Start of Block

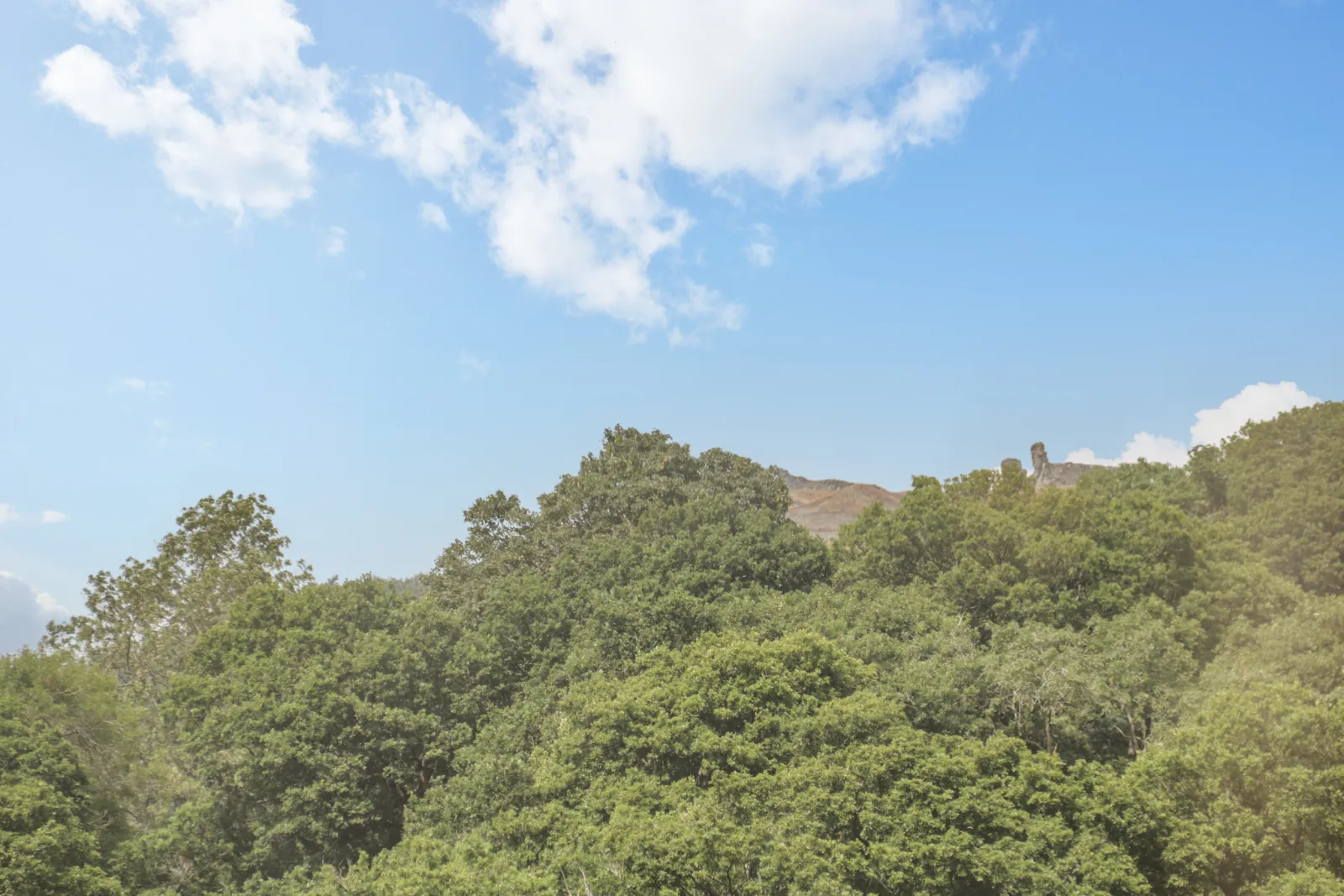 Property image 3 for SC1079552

End of Block
Start of Block

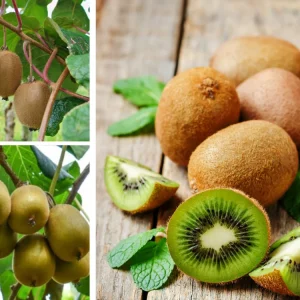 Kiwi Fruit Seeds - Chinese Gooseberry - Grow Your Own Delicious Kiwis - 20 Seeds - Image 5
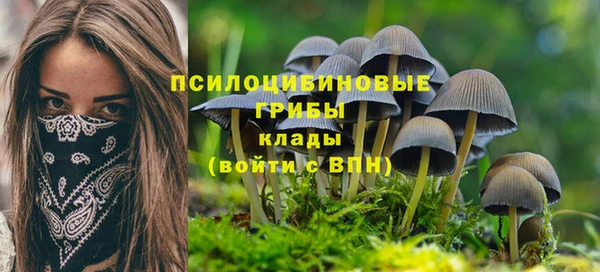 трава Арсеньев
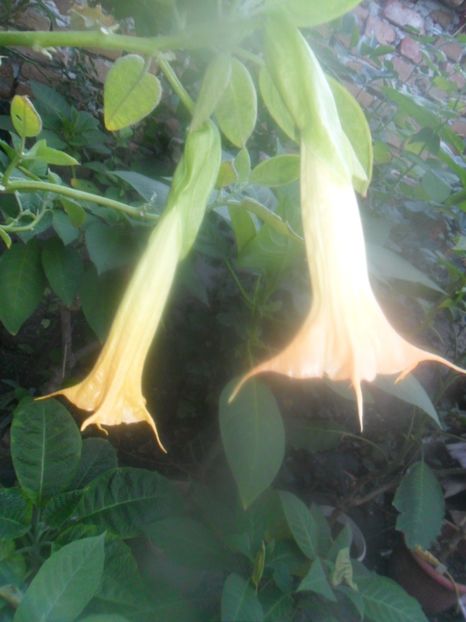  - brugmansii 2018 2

End of Block

*WORK ORDER:*
Transcribe, word for word, the lines of the listing above from the one that contains "Kiwi Fruit Seeds" through the one that contains "- brugmansii 2018 2", keeping both ends and dropping the pictures.

*RESULT:*
 Kiwi Fruit Seeds - Chinese Gooseberry - Grow Your Own Delicious Kiwis - 20 Seeds - Image 5
 трава Арсеньев
  - brugmansii 2018 2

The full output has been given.